→ SOURCE MATERIAL:
——————

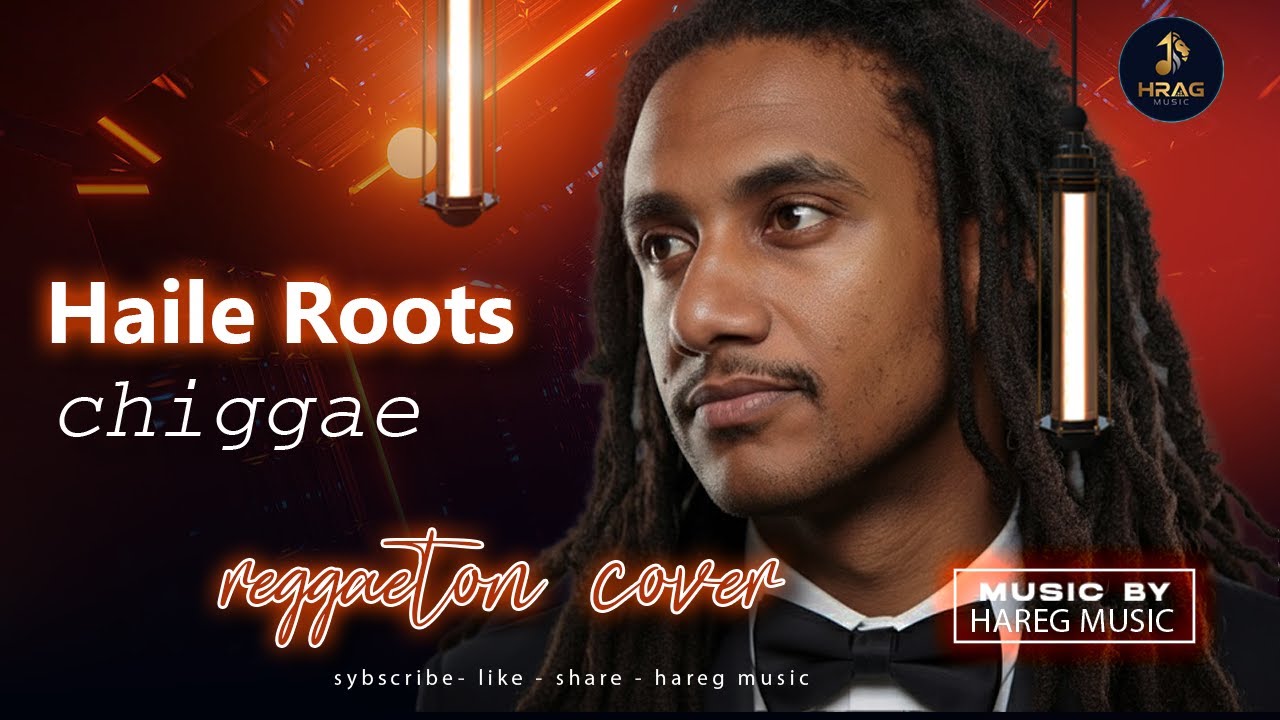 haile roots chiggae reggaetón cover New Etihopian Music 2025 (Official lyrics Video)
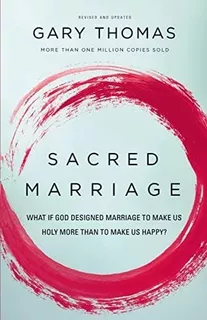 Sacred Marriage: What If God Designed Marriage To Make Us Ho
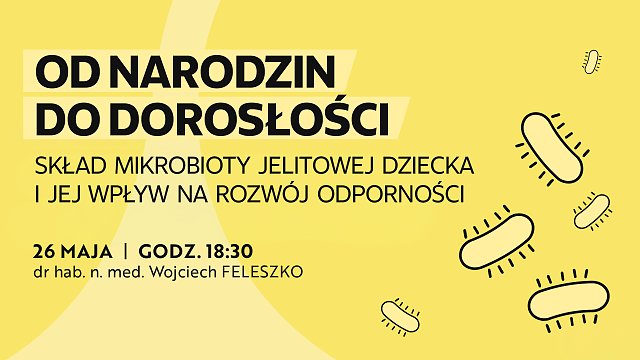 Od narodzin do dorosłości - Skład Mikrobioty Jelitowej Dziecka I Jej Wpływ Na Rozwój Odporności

——————

→ PROBLEM REQUIREMENTS:
Restate word for word the lines beginning with the one that contains "Sacred Marriage: What" and ending with the last line of the listing; pictures stay out.

→ YOUR SOLUTION:
 Sacred Marriage: What If God Designed Marriage To Make Us Ho
 Od narodzin do dorosłości - Skład Mikrobioty Jelitowej Dziecka I Jej Wpływ Na Rozwój Odporności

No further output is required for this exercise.